WORK TASK:
Give the data again exactly, without its images.

Start of RECORDS SUPPLIED

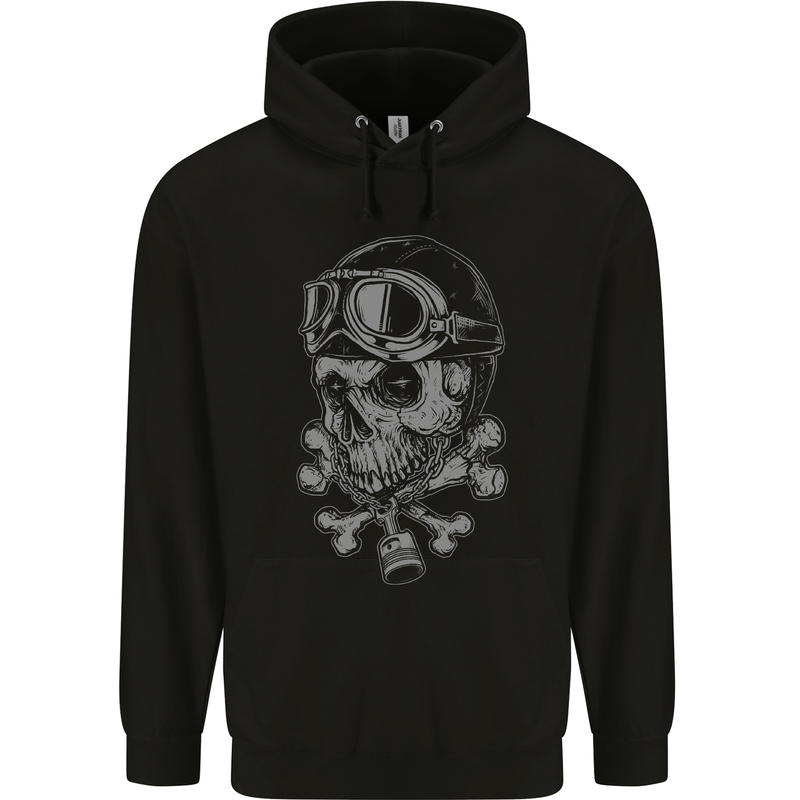 Biker Skull Rider Motorbike Motorcycle Mens Hoodie Black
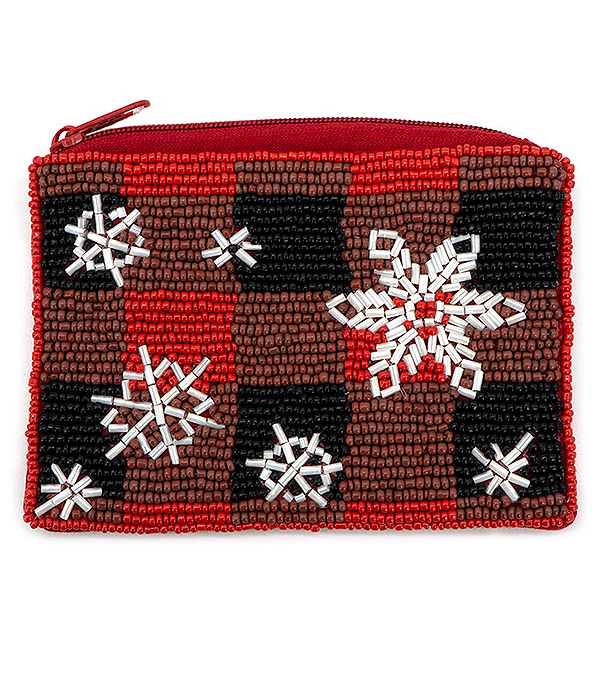 Christmas theme multi seedbead handmade wallet - snowflake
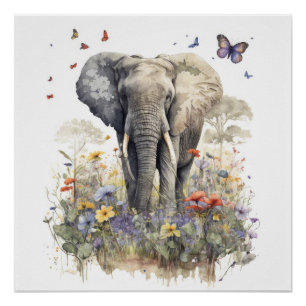 Elefant Aquarell Kunst Poster
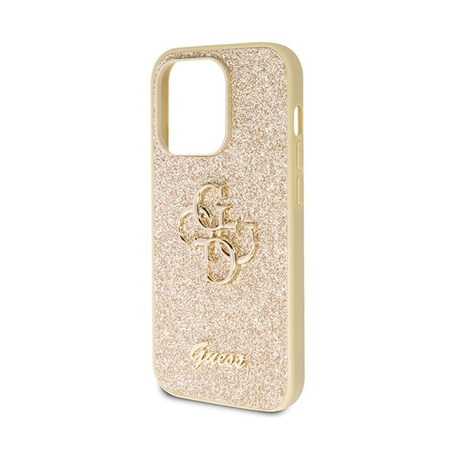 Guess Glitter Script Big 4G - Etui iPhone 14 Pro Max (złoty)
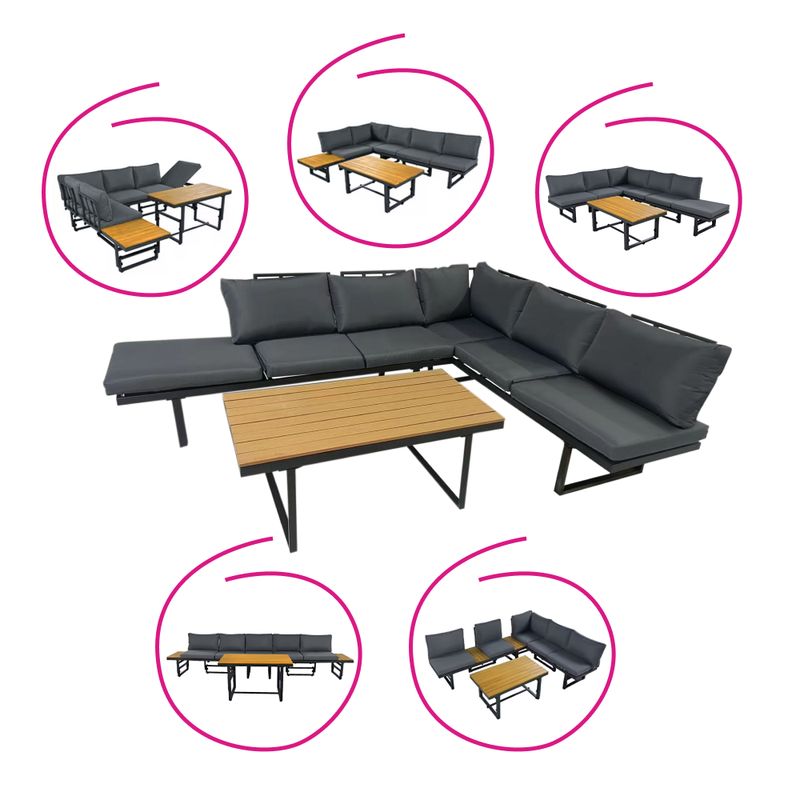 Záhradný set, tmavosivá látka, čierny, prírodný, ILARIA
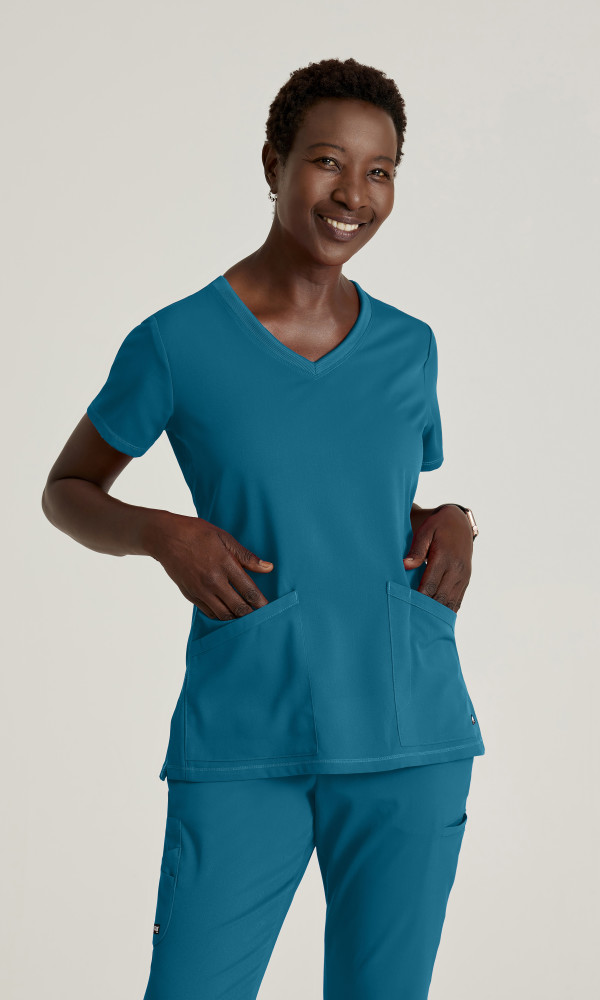 Greys Anatomy GRST045 Serena Spandex Stretch 3 Pocket Medical Scrub Top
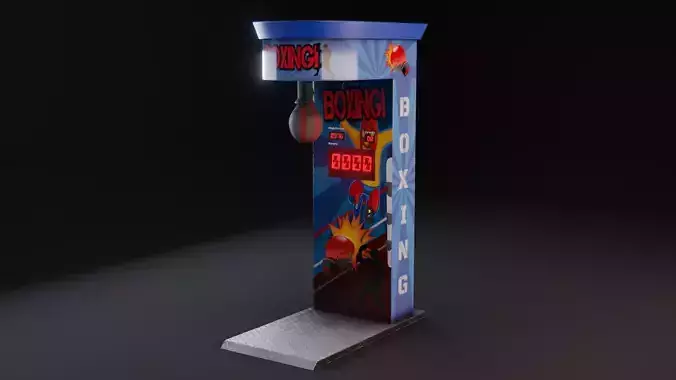 Boxing Arcade Machine -  Retro Game Ready  Low-poly 3D model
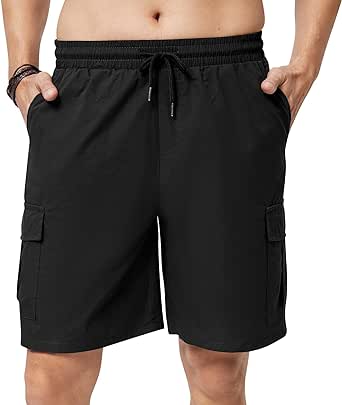 Men's Cargo Shorts Casual Elastic Waist Drawstring Lightweight Cotton Shorts with 5 Pockets for Athletic Camping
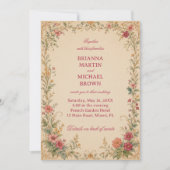 Invitation Fleur botanique vintage (Devant)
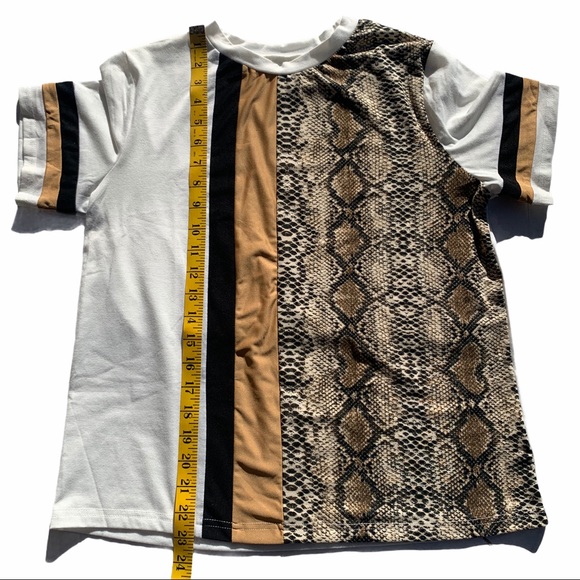 Floerns Snakeskin Print Short Sleeve Color Block - Picture 4 of 5
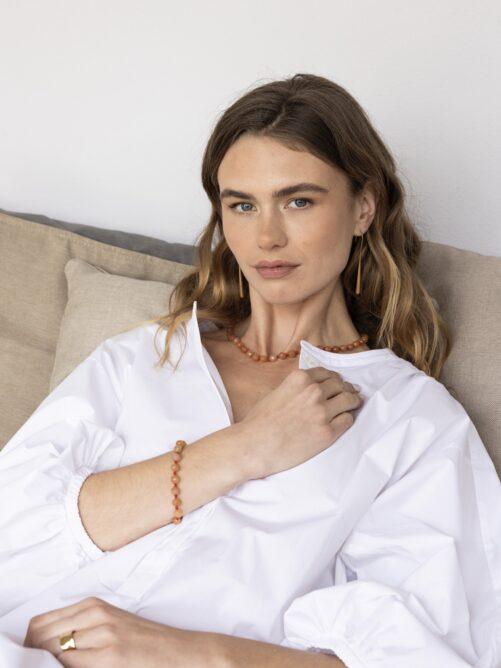 Ellen Beekmans - Gemstone armband burnt orange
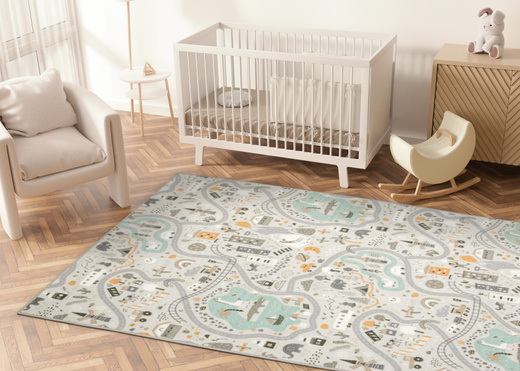 Pastelowy Dywan Dziecięcy Uliczki 04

End of RECORDS SUPPLIED

ANSWER FOR THE TASK:
 Biker Skull Rider Motorbike Motorcycle Mens Hoodie Black
 Christmas theme multi seedbead handmade wallet - snowflake
 Elefant Aquarell Kunst Poster
 Guess Glitter Script Big 4G - Etui iPhone 14 Pro Max (złoty)
 Záhradný set, tmavosivá látka, čierny, prírodný, ILARIA
 Greys Anatomy GRST045 Serena Spandex Stretch 3 Pocket Medical Scrub Top
 Boxing Arcade Machine -  Retro Game Ready  Low-poly 3D model
 Men's Cargo Shorts Casual Elastic Waist Drawstring Lightweight Cotton Shorts with 5 Pockets for Athletic Camping
 Invitation Fleur botanique vintage (Devant)
 Floerns Snakeskin Print Short Sleeve Color Block - Picture 4 of 5
 Ellen Beekmans - Gemstone armband burnt orange
 Pastelowy Dywan Dziecięcy Uliczki 04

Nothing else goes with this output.